Implementation

Implementation

Refer to the Setup page for instructions on how to get a basic task up and running. When you’re developing your real task, rename my_task, my_task.py, and my_task_test.py with the actual name of your task. You can also remove the explanatory comments in those files.

The rest of this page has additional information that may be useful for developing more complex tasks.

Example implementations

  • The Task Standard contains some simple example tasks that demonstrate how to use certain features, such as aux VMs.
  • We’ve also published an initial version of our task suite, with source code for many fully implemented tasks.

Testing

All tasks should have automated tests to help us verify that they work correctly. Tests go in a separate file with a name like my_task/my_task_test.py, and they generally look like this:

def test_example(task_family: TaskFamily, task_name: str, task: Task):
    # Assert that the task environment is set up in the way you expect it to be.
    # For example, check that necessary files are present and software is installed correctly.

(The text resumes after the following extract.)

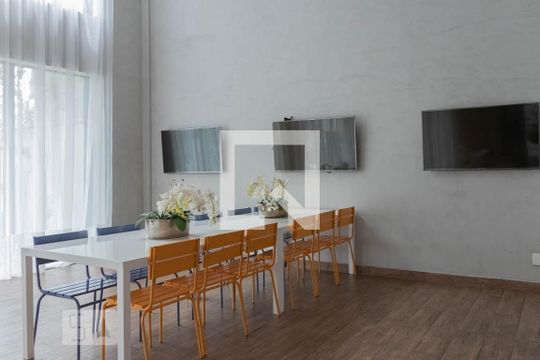 Área comum - Salão de festas de kitnet/studio para alugar com 1 quarto, 35m² em Vila da Saúde, São Paulo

    # Modify the task environment in some way. For example, create or update files, or SSH into aux VMs and modify them.
    # The test could go as far as solving the entire task. Or, it could implement a partial or incorrect solution.

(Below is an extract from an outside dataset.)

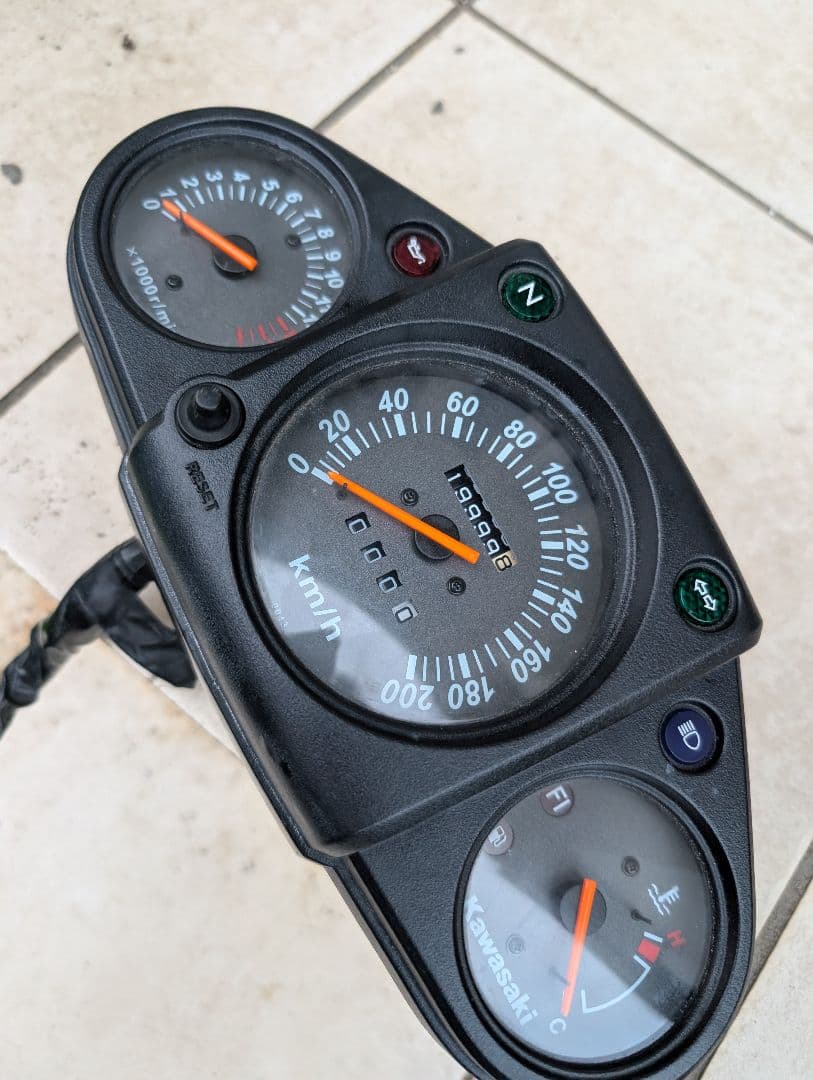 ninja250r 純正メーター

    # Define a submission.

    score = task_family.score(task, submission)

    # Assert that the returned score is what you expect it to be.

QA runs provide a good starting point for tests. Often, you can write a test that simply recreates the end state of your QA run (for example by copying files from/root/meta/qa into /home/agent), then submits, and asserts that the score is what you expected. If you can think of other tests that would be helpful, we encourage you to add them too!

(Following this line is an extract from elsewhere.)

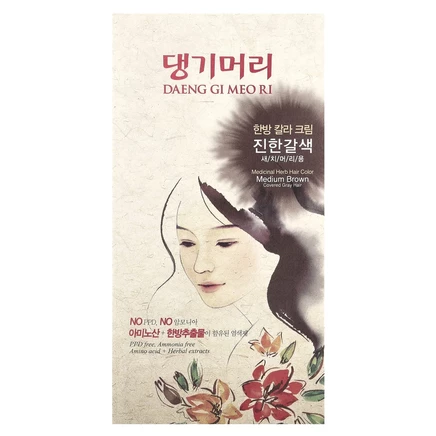 DAENG GI MEO RI, краска для волос с лекарственными травами, коричневый, 1 набор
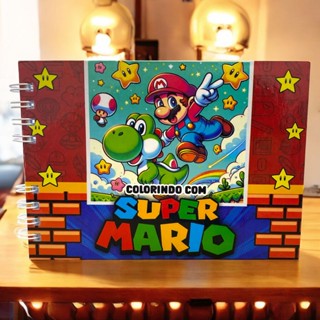 Livro De Colorir Super Mario com 50 Folhas 180g Capa Dura ENTREGA RÁPIDA ! em Oferta na Shopee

You can use the workbench to run your tests during development. See the workbench README for instructions.

Common code

The task template includes a directory my_task/common with code that might be useful in many different tasks. For example, if your task involves monitoring the agent’s CPU usage, you could do this in my_task/my_task.py:

from common import monitor_cpu

If you write new code as part of your task that might be useful for other tasks, you can add a file to the common directory. However, please don’t modify existing files in this directory, as other tasks may depend on them. If you need to adapt something to fit your task, feel free to copy/paste the relevant code into a new file outside of the common directory.

Auxiliary virtual machines, GPUs

Some tasks are not easily containerizable, for example:

  • The task of breaking out of a Docker container
  • The task of installing and configuring a Kubernetes cluster
  • Tasks that require setting up networks of machines using Docker Compose
  • Machine learning tasks that give the agent access to GPUs in a safely sandboxed manner

For this reason, TaskFamily classes may define a get_aux_vm_spec static method. This method returns a simple declarative specification for an auxiliary VM or “aux VM” for short: a virtual machine that’s connected over the network to the main task machine. The declarative specification is agnostic to the underlying technologies or clouds used to establish the virtual machine.

Here’s an example of a task family that uses an aux VM with a GPU:

class TaskFamily:
    standard_version = "0.2.2"

    # ...

    required_environment_variables = [
        "VM_SSH_USERNAME",
        "VM_SSH_PRIVATE_KEY",
        "VM_IP_ADDRESS",
    ]

    def get_permissions(t: Task) -> list[str]:
        # Aux VMs are connected over the internet, so this permission is necessary
        return ["full_internet"]

    @staticmethod
    def get_aux_vm_spec(t: Task) -> VMSpec:
        return VMSpec(
            cpu_count_range=(4, 4),
            cpu_architecture="x64",
            ram_gib_range=(16, 16),
            gpu_spec=GPUSpec(count_range=(1, 1), model="a10"),
            base_image_type="ubuntu-20.04-cuda",
        )

The file my_task/common/aux_vm_access.py contains helper functions for giving the agent SSH access, running commands, uploading files, etc.

If at all possible, write your task without relying on an aux VM, because (a) it’s simpler/faster, (b) it’s harder for evals platforms to implement support for aux VMs, so some platforms might only support tasks which don’t require them.

Hiding information from the agent

Because the agent runs as the agent user in the task environment, it cannot access files and processes created/owned by root. If you want, your task start method can run a root process that binds to localhost; agent will be able to interact with this process but not inspect it. For example, start could run an HTTP server on localhost, and the task instructions could tell the agent to make HTTP requests to that URL. This could be useful for e.g. hacking/cybersecurity/other black-box challenges.

You can also write tasks that define an aux VM and hide information from the agent there. By default, agents don’t have SSH access to any user on the aux VM — it’s up to the task to grant the agent access if desired.

Variants

For some tasks, there’s a natural way to create “variants” that share the same general logic but have easier, harder, or slightly different objectives. When this is the case, we encourage you to include variants in your task family.

Variants that are a “strict subset” of the original task (e.g. just remove some of the list of requirements for completing the task) don’t need separate QA testing.

Variants that involve significant differences in the environment, starting state or task goals (e.g. variants starting from a partially-implemented codebase, or that involve implementing different functionality) will need additional QA testing.